Building an Eval Set: Test Cases for Prompts

An eval is only as good as the inputs you feed it. If your test cases are all easy, your prompt will look great and fail in the real world. In this lesson you will build a small, sharp eval set: a curated collection of inputs that represents the real distribution your prompt will face, including the cases most likely to break it.

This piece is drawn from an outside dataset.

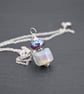 lampwork glass pendant necklace, pale lilac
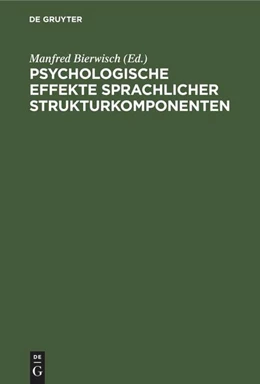 Abbildung von Bierwisch | Psychologische Effekte sprachlicher Strukturkomponenten | 1. Auflage | 1980 | beck-shop.de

You do not need a thousand examples. A well-chosen set of fifteen to thirty cases will catch the vast majority of problems and is small enough to review by hand. Quality and coverage beat raw quantity.

What You'll Learn

How to choose inputs that represent real-world variety, not just easy wins
The four categories every eval set should cover
How to source test cases when you don't have real data yet
How to record the expected answer (when one exists) without overfitting
A reusable template you can fill in for any prompt

Start From the Real Distribution

Your eval set should mirror the inputs your prompt will actually receive. If you are summarizing support tickets, your cases should look like real support tickets: varied lengths, tones, topics, and quality. A common mistake is to write test inputs yourself in clean, grammatical prose. Real inputs are messy, and messy is where prompts fail.

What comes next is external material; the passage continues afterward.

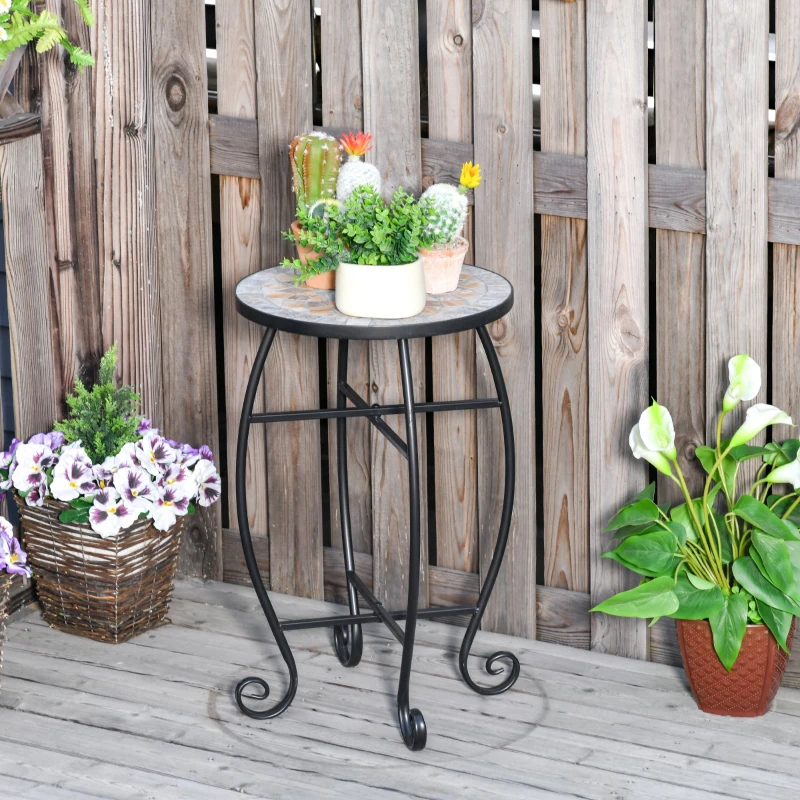 Outsunny Tavolino da Giardino, Tavolo da Esterno in Metallo Nero e Ceramica, Verde e Arancione Ф36 x 58cm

Three good sources of realistic cases:

Historical data. Past emails, tickets, documents, or transcripts. The best source if you have it.
Logs of the prompt in use. Once a prompt is live, real inputs flow through it. Sample them.
Synthetic generation. When you have no data, ask the AI itself to generate realistic varied examples, then curate them by hand.

The Four Categories to Cover

A strong eval set deliberately spans four kinds of cases. Aim for a mix rather than a pile of one type.

Typical cases. The bread-and-butter inputs that represent the common path. These confirm the prompt does its main job. Most of your set lives here.
Edge cases. Unusual but valid inputs: very long, very short, multiple topics in one input, unusual formatting, a different language. These find brittleness.
Adversarial cases. Inputs designed to trip the prompt: ambiguous requests, contradictory information, attempts to make it ignore instructions, or content that looks like an instruction but is actually data.
Empty and malformed cases. Blank input, garbage characters, or the wrong kind of content entirely. A good prompt fails gracefully here instead of inventing an answer.

A prompt that scores well on typical cases but is never tested on the other three categories is a prompt you do not actually understand yet.

Generating Cases With AI

When you lack real data, use the model to bootstrap a set, then prune. Here is a meta-prompt for generating varied test inputs.

Loading Prompt Playground...

Notice that we asked the model to label each case with the expected category and a reason. That reason is gold: it forces variety and gives you a sanity check.

Recording Expected Answers Without Overfitting

For some tasks there is a clear right answer (the category is "Billing," the extracted date is "2026-03-14"). Record it. For these, scoring later becomes a simple exact or contains check.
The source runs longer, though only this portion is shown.